A noite também serviu para lançar a campanha “Mais livros, menos armas”. Pelo auditório do Centro Comunitário Athos Bulcão, na Universidade de Brasília (UNB), estudantes desfilaram com estandartes de diversas obras importantes da literatura brasileira, como “Morte e Vida Severina”, “Capitães de areia”, “O Cortiço” e “Memórias Póstumas de Brás Cubas”. Cada passo era acompanhado do grito “não é mole não, tem dinheiro pra milícia, mas não tem pra educação!”.

Em seu discurso de abertura, a presidenta da UNE, Marianna Dias, disse que o estudantes representam umas das frentes de maior resistência em nome dos direitos do povo brasileiro. “Contra os tiros que estão matando a nossa juventude negra e pobre, vamos fazer com que esse Conune seja histórico. Esse governo precisa saber que enquanto eles tiram os direitos do povo com essa reforma da previdência, Brasília vira a capital dos estudantes.”

Já o presidente da Associação Nacional dos Dirigentes das Instituições Federais de Ensino Superior (Andifes), Reinaldo Centuducatte, afirmou se lembrar do congresso de reconstrução da UNE, realizado em 1979, e destacou as semelhanças das lutas populares de ontem e de hoje.

”Em 79 tivemos um movimento de extrema importância para varrer para longe a ditadura. Hoje temos de novo essa necessidade: a democracia está em risco. Temos que colocar para fora essa política que não leva em consideração a maioria da população brasileira. Por isso, que esse congresso seja de muito sucesso e que saiamos daqui com mais disposição e boas energias para enfrentar as lutas que nos aguardam”, declarou.

O presidente da União Brasileira dos Estudantes Secundaristas (Ubes), Pedro Gorki, reiterou o papel estudantil na luta pela educação e criticou o ministro da Educação, Abraham Weintraub. “Enquanto o presidente fala que fazemos balbúrdia, nós fazemos esperança. Esperança para que a nossa luta e nossa voz não sejam consideradas crimes. Eles tentam deslegitimar o papel da educação, mas seremos pedra no sapato de qualquer um que tente acabar com a educação pública brasileira.

O Congresso da UNE
A UNE calcula que até 18 mil estudantes, representando mais de 90% das universidades do país estejam em Brasília para participar do Conune. O número ultrapassa os números da edição de 2017, em Belo Horizonte, que teve cerca de 15 mil participantes. Os encontros são bienais.

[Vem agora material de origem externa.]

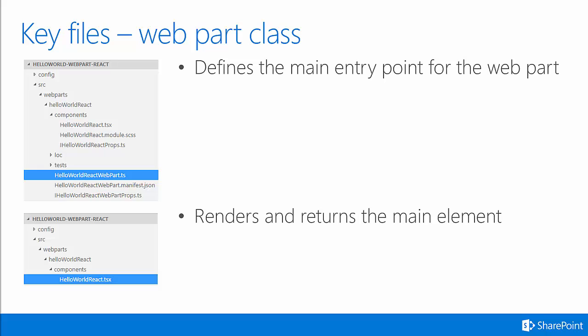A couple key files to know, without diving deep into many different config files and things like that, is just the web part class and the main component that comes in a React web part. You can see in the top screenshot, the HelloWorldReactWebPart.ts file is selected. This is the class that defines the main entry point for the web part.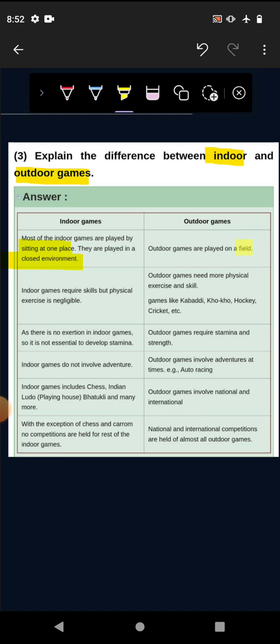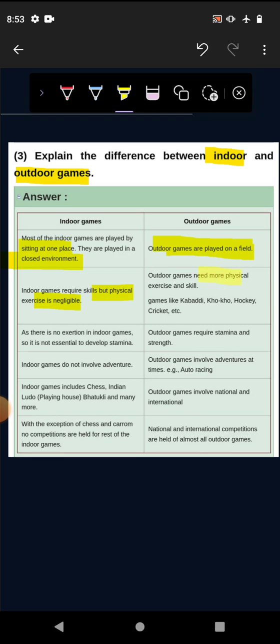Outdoor games are played on a field. Indoor games require skills but physical exercise is negligible. Indoor games also need skills but there is no physical exercise. And in outdoor games, outdoor games need more physical exercise and skills. So in outdoor games there is a lot of physical skills and exercise too.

A programação do fórum é recheada de debates, grupos de trabalho, atos políticos e atividades culturais. Um dos destaques é a realização de uma passeata na Esplanada dos Ministérios na sexta-feira (12), com o lema “Não matem nosso futuro: educação, emprego e aposentadoria”.

Outro destaque da programação é a participação do jornalista Glenn Greenwald, do site The Intercept Brasil, convidado para discutir o tema das fake news em uma das mesas do congresso. A investigação e denúncia do conluio entre o ex-juiz Sérgio Moro, atual ministro da Justiça, e procuradores da operação Lava Jato também será pauta do debate.

O Congresso da UNE também realizará o Festival da Democracia, com shows gratuitos – no Ginásio Nilson Nelson –, de hoje (11) a sábado (13), que reunirá diversos estilos musicais, com artistas convidados de todo o país.

Nesta quinta, se apresentam o grupo baiano Attooxxaa e a cantora brasiliense Vera Veronika. Já na sexta, a cantora pop Duda Beat e o rapper RAPdura Xique-Chico estarão no palco do ginásio. Por fim, no sábado, a apresentação será de Leci Brandão e do grupo Estação Primeira de Mangueira.